Task:
Copy out nothing but the lines from the one holding "Artisan Large Honeycomb-Textured" through the end of the entries below, exactly as written and without the pictures.

Supplied entries:

----

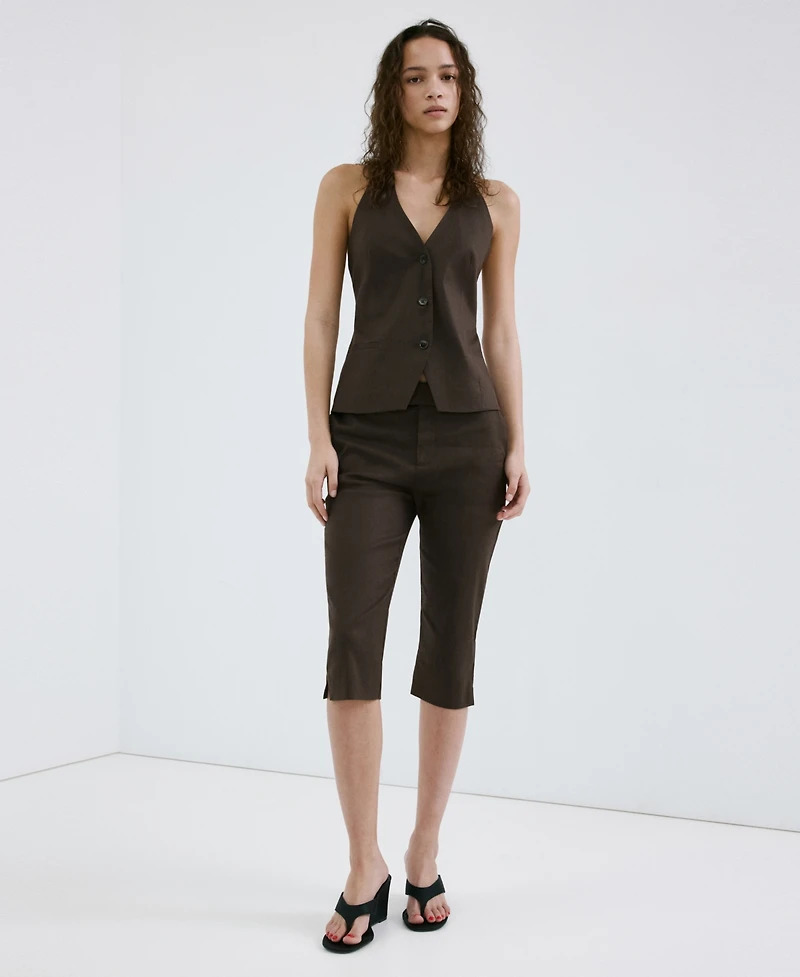 Mango Women's Halter Neck Linen Vest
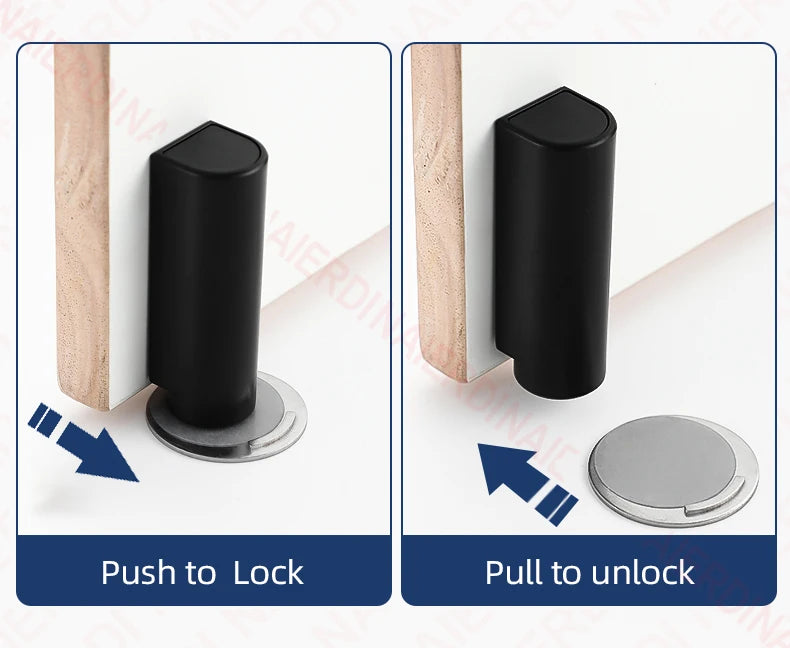 NAIERDI Magnetic Door Stopper Stainless Steel Heavy Duty Door Stop Black Nail-free Door Suction Door Holder Door Hardware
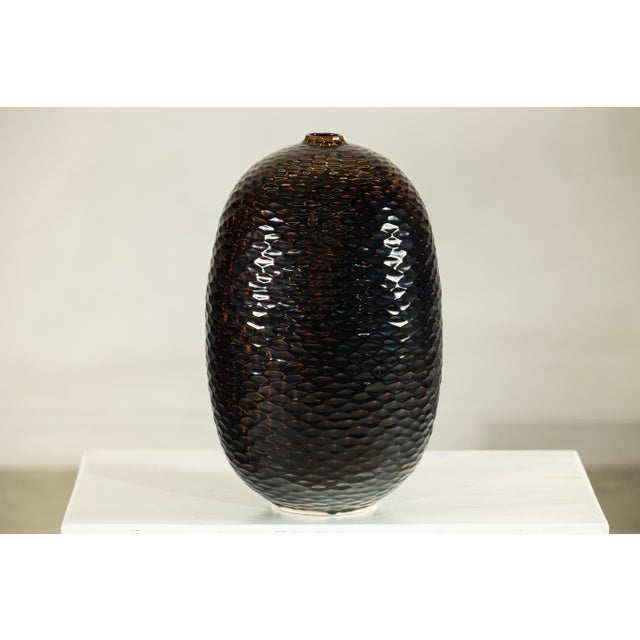 Artisan Large Honeycomb-Textured Ceramic Vase in Deep Brown and Black Glaze For Sale - Image 11 of 18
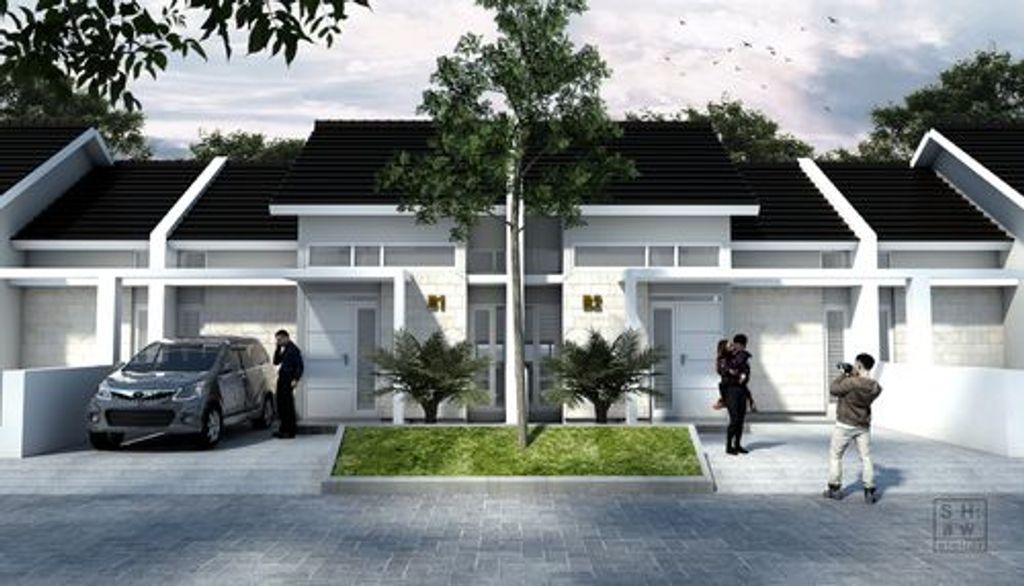 foto tampak rumah tipe 67 perumahan Mutiara Awangga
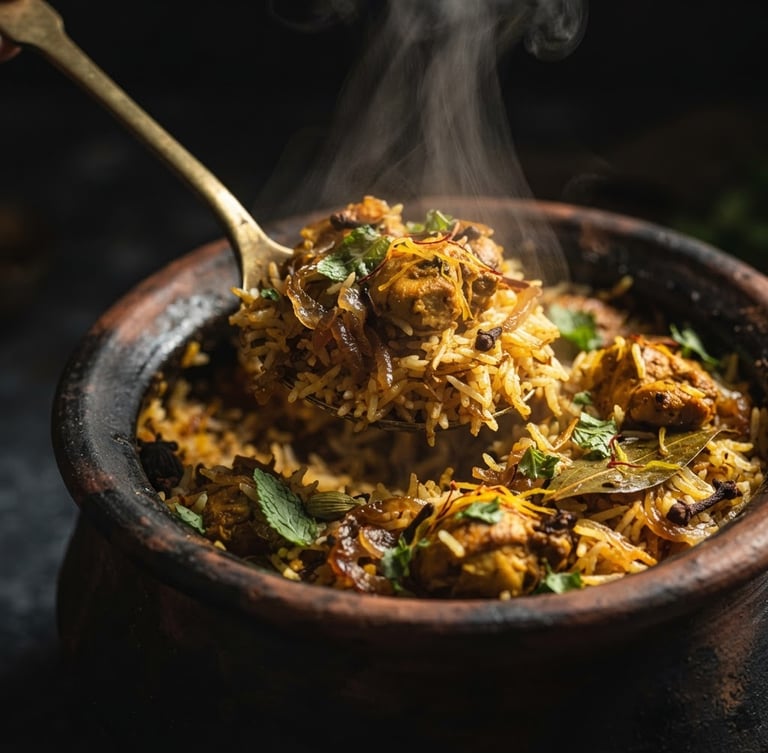 Moody close-up of steaming Biryani being scooped from a clay handi, dramatic side-lighting, rich saffron and charcoal tones, macro depth of field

----

Problem solution:
 Artisan Large Honeycomb-Textured Ceramic Vase in Deep Brown and Black Glaze For Sale - Image 11 of 18
 foto tampak rumah tipe 67 perumahan Mutiara Awangga
 Moody close-up of steaming Biryani being scooped from a clay handi, dramatic side-lighting, rich saffron and charcoal tones, macro depth of field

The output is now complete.